The issue isn’t particularly complex. Because of the state’s environmental fixations, California has been less apt to clear away underbrush, thin out forests, and allow prescribed burns. “Between 1982 and 1998, California’s agency land managers burned, on average, about 30,000 acres a year,” according to a recent investigative report in the progressive ProPublica. “Between 1999 and 2017, that number dropped to an annual 13,000 acres.” That article truly is a must-read.

That situation has led to a vast land-clearing backlog that many state and federal officials already are starting to address. The problem goes beyond public land management. “Environmental regulations will need to be streamlined, particularly permits for landowners with small parcels to thin trees and brush on their properties,” according to a report in the Bay Area News Group. Yes, California keeps private landowners from defending their own property.

Reforming regulatory barriers isn’t as sexy as talking about climate change, but it could help mitigate our recurring wildfire problems. Insurance reform makes regulatory reform sound like a day at the circus, but the state’s prior-approval insurance system gives California’s insurance commissioner the power to approve any rate changes. Those commissioners are elected officials, so they resist rate increases and use the bully pulpit to rail against “evil” insurers.

As a result, the California system makes it tough for insurers to price their policies to reflect the actual risk. Insurance Commissioner Ricardo Lara opposed a bill this year that would have allowed insurers merely to propose higher rates in wooded regions. Lawmakers killed that measure at the end of session. Again, it’s boring policy wonkery, but insurance reform would quickly adjust development incentives.

Newsom could have tied his climate-change policies with these brush-clearance efforts. That Bay Area News Group article explained how the cap-and-trade system could pay for expanded fire-mitigation efforts. Under that system, the state taxes greenhouse-gas-producing industries – and forces them to buy pollution credits when they exceed their limits.

That’s a problematic system, but Newsom had plenty of fodder if he wanted to, say, redirect more money to brush-clearing from these auctions rather than just issue dire climate warnings. Of course, the governor isn’t about to look at how the state government currently spends its resources on firefighting – or anything else, for that matter.

As I wrote recently for the Orange County Register, “The median compensation package for firefighters has topped $240,000 a year in some locales.… The number of California firefighters who receive compensation packages above $500,000 a year is mind-blowing. Obviously, if the state spends scarce resources in this manner, it will have fewer resources to hire additional firefighters and buy equipment that’s now in short supply.”

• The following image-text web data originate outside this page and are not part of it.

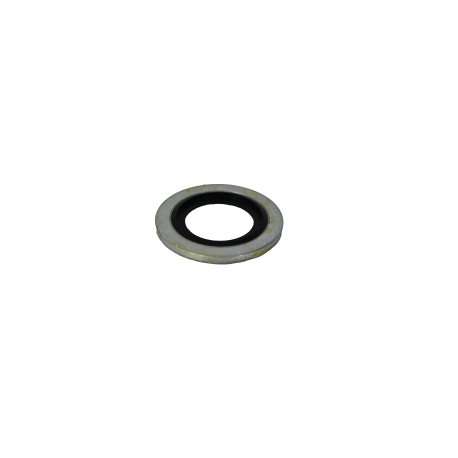 BAGUE BS M 14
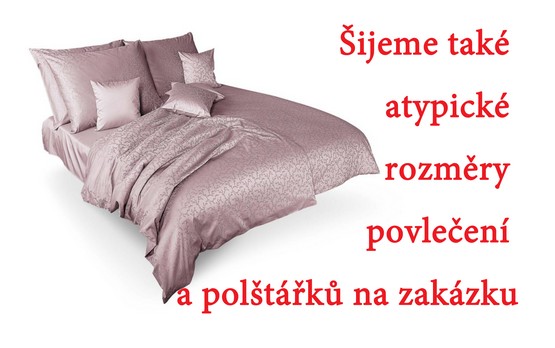 Tefal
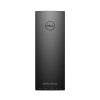 Dell OptiPlex 7070 Ultra Form Factor, Intel® Core™ i5-8265U, up to 3.90 GHz, 16GB, 256 GB SSD, Wifi, Windows 11 PRO, Refurbished Grade A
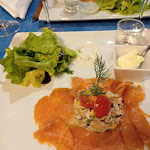 Photo n° 2 de l'avis de Roland.u fait le 29/01/2024 à 13:13 pour La Gourmandière à Saint-Sulpice-le-Guérétois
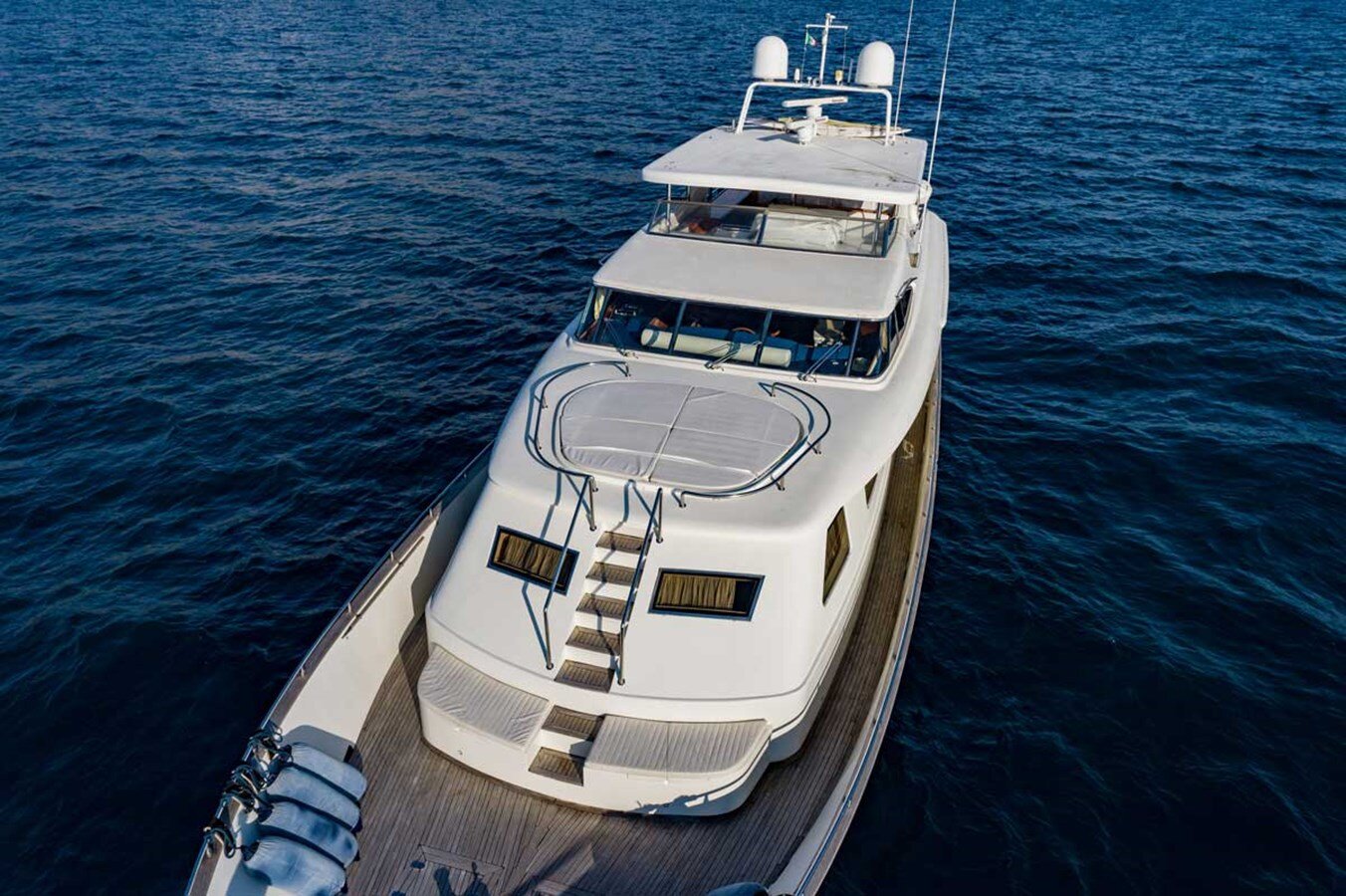 2005-gianetti-78-9-d91b23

Certainly, climate change may be exacerbating the wildfire problem. “Mountain regions that are normally cooler and wetter have dried out more rapidly in the summer, adding to the potential fuel load,” the BBC reported. But that doesn’t excuse the “blame climate change” approach that Newsom has taken, which amounts to little more than an effort to deflect attention from the state’s slow and bureaucratic wildfire responses.